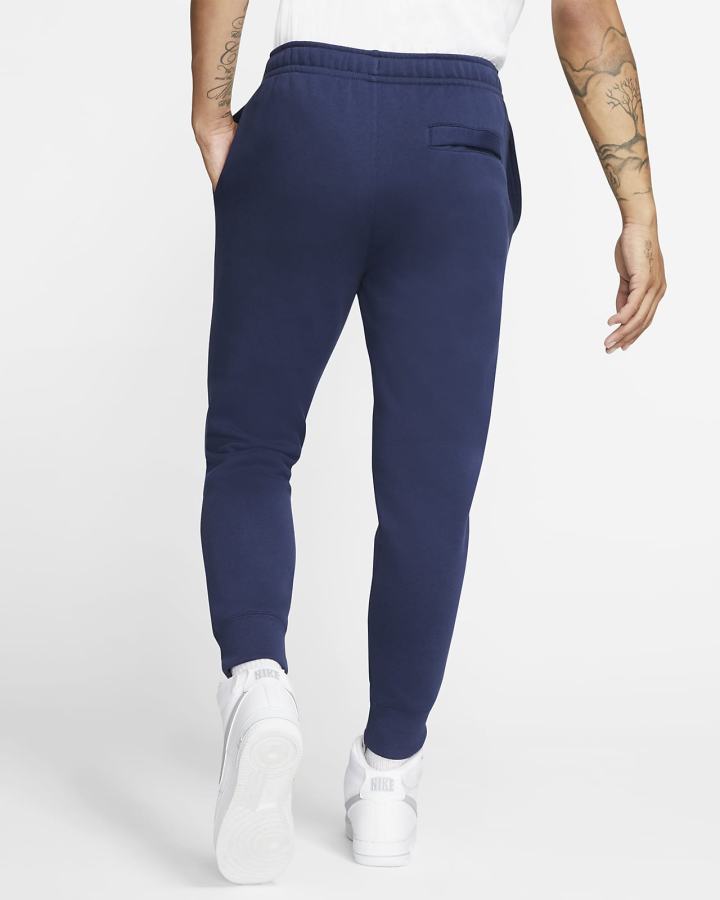 Pantalones Jogger Nike Sportswear Club Fleece Mujer Azul Marino Blancas | QPLRT-0451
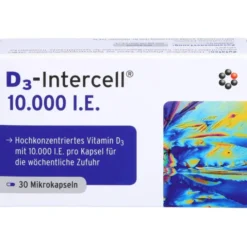 D3-INTERCELL 10.000 I.E. Kapseln 30 Stück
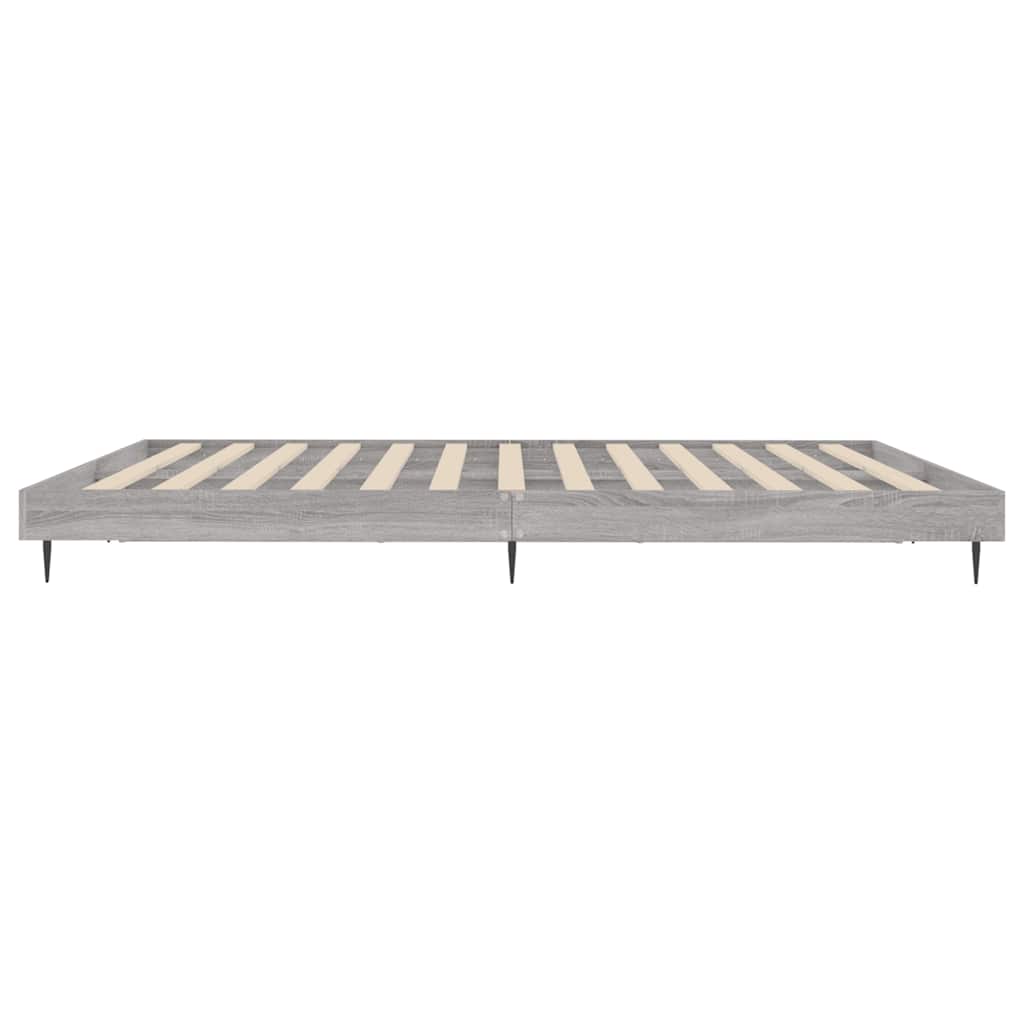 vidaXL Bed Frame without Mattress Grey Sonoma 140x200 cm Engineered Wood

— Aim of the task —
Could you write out every line above exactly as it stands, with no images?

— Result for this exercise —
 Pantalones Jogger Nike Sportswear Club Fleece Mujer Azul Marino Blancas | QPLRT-0451
 D3-INTERCELL 10.000 I.E. Kapseln 30 Stück
 vidaXL Bed Frame without Mattress Grey Sonoma 140x200 cm Engineered Wood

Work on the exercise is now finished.